START Dataset section
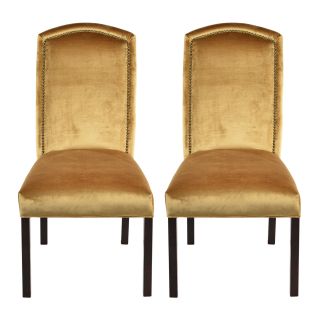 Tuscany Antique Camelback Back Nail Dining Chairs (set Of 2)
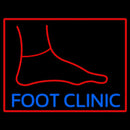 Foot Clinic With Foot Handmade Art Neon Sign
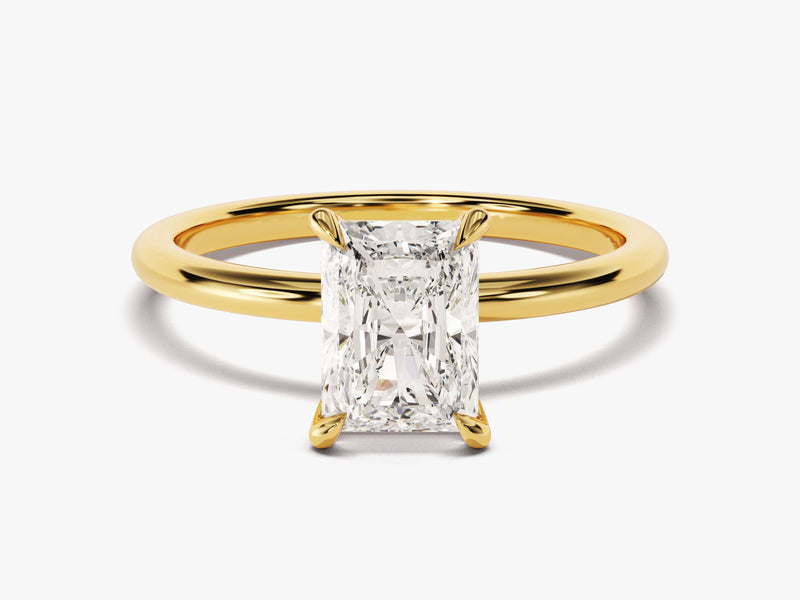 Radiant Cut Solitaire Moissanite Engagement Ring (1.50 CT)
END Dataset section
**The task:** Quote everything in the listing above exactly; pictures are the only thing to omit.

**Response to this exercise:**
 Tuscany Antique Camelback Back Nail Dining Chairs (set Of 2)
 Foot Clinic With Foot Handmade Art Neon Sign
 Radiant Cut Solitaire Moissanite Engagement Ring (1.50 CT)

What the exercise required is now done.